Rozmowa popłynęła w bardzo spokojnej atmosferze, a kiedy oboje wyrzucili z siebie swoje żale i przemyślenia, Nico powoli wstał i kichając jeszcze ostatni raz, wyciągnął dłoń do Malcolma, a ten przyjął ją od razu i podniósł się z ziemi. Obejrzeli się jeszcze raz do tyłu na starą szopę i zdecydowali, że wrócą tam jeszcze raz później.
Resztę drogi pokonali w milczeniu, a gdy dotarli do bramy szkoły, weszli na palcach do środka i unikając spojrzeń innych uczniów, wrócili do swojego pokoju. Byli tak zmęczeni, że kiedy tylko zorientowali się, która jest godzina, od razu padli na łóżko i zasnęli, trzymając się bardzo blisko siebie. To była dla nich długa noc.
⚝⚝⚝
Malcolm obudził się o w samo południe. Uważnie rozejrzał się po pokoju, po czym przerzucił wzrok na wciąż śpiącego Nico. Wampir przylgnął do jego klatki piersiowej i pochrapywał cichutko. Obrazek niczym z bajki.
Wydarzenia ubiegłej nocy wróciły do demona z wielką prędkością, przyprawiając go o ból głowy. Nie wiedział, co ma o tym myśleć. Zachowanie Mastemy było bardziej niż podejrzane i kiedy w tym momencie o tym myślał, zdał sobie sprawę, że tak naprawdę nic o niej nie wiedział. Nie miał pojęcia, kim jest, co robi w zamku ani skąd się tam wzięła.
Tak naprawdę wiedział tylko, jak się nazywa oraz, że ma obsesję na punkcie demonów. Kochała je i wychwalała pod niebiosa. Kiedy Cambriel przypomniał sobie lekcję pani Wither, szybko zdał sobie sprawę, że mogła być cieniem, jakiegoś silnego demona albo czarnoksiężnika nekromanty.
Kiedy tak zastanawiał się nad różnymi ewentualnościami, leżący przy nim Nico zaczął się wiercić, aż w końcu otworzył oczy i spojrzał na niego. Wciąż był zaspany i bardzo zmęczony, ale uśmiechnął się do demona i przyjął krótki cmok w czoło na „dzień dobry".
- Jak się spało? – zapytał Cambriel, a wtedy wampir wzruszył ramionami i odparł szybko: „krótko".
Podciągnął się na łokciach i oparł głowę o ramię demona, splatając przy tym palce ich dłoni. Kiedy tak rozkoszowali się własną obecnością, Malcolm westchnął i mruknął cicho pod nosem:
- Miałeś rację. Nic o niej nie wiem i jeśli chcemy rozwiązać tę całą zagadkę, musimy zacząć od Mastemy. Może być cieniem jakiegoś demona. To by wyjaśniało, dlaczego mieszkała akurat w tej części katakumb i tak bardzo mnie lubi.

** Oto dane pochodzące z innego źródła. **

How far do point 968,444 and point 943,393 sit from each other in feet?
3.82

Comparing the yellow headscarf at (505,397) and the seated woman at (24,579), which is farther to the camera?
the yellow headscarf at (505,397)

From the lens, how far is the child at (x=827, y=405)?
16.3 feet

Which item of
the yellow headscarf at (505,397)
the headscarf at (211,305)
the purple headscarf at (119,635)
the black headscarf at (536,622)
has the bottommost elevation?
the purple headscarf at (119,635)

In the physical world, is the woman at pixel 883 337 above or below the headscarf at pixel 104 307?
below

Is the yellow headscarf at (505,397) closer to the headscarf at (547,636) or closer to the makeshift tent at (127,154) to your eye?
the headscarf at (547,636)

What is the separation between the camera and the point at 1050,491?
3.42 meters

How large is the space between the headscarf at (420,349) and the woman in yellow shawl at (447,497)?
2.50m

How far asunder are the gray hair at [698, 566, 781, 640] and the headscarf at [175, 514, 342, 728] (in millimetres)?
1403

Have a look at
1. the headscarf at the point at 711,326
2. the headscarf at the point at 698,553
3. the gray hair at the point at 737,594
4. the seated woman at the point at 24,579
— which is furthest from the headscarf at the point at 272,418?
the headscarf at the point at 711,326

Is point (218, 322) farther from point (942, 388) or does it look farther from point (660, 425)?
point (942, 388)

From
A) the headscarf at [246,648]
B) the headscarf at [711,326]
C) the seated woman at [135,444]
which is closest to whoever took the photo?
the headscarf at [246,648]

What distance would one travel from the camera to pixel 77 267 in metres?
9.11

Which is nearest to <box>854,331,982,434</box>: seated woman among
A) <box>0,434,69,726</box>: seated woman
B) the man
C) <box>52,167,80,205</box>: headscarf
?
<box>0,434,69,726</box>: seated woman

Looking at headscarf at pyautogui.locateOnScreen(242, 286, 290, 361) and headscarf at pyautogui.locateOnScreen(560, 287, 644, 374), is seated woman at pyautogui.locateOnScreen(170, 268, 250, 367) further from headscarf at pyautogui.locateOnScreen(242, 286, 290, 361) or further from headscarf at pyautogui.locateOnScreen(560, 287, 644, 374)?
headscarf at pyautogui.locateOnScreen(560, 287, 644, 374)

Nicodemus słuchał go uważnie, a kiedy demon skończył, on po chwili zastanowienia dodał:
- Gdzie zaczniemy poszukiwania?
Cambriel nie był tego pewien. Szkolna biblioteka raczej nie była zaopatrzona w książki o demonologii, a pani Wither zadałaby za dużo pytań, gdyby chcieli się cokolwiek od niej dowiedzieć. Było tylko jedno miejsce, gdzie mogli znaleźć informacje na temat demonów.
- Gabinet dyrektora. On ma półkę z książkami za biurkiem. Jeśli szukamy czegokolwiek o demonach, najlepiej poszukać czegoś u jednego z nich.
- Szkoda, że ty nie masz takiej fajnej biblioteczki. – jęknął pod nosem Blackwood. Sama świadomość faktu, że będą musieli wejść do gabinetu Doumy bez pozwolenia, powodował, że wampir trząsł się cały. Wolał się nie zastanawiać, co zrobiłby, gdyby się zorientował, że ktoś myszkował w jego własnym biurze. – Jak zamierzasz to zrobić?
- Trzeba mu umilić czas. Jeśli go czymś zajmiemy, powinniśmy mieć wystarczająco dużo czasu, żeby chociaż zajrzeć do tych książek. – wytłumaczył Malcolm. Miał wiele racji, ale Nico nie miał pojęcia, co mogłoby zająć dyrektorowi aż tyle czasu.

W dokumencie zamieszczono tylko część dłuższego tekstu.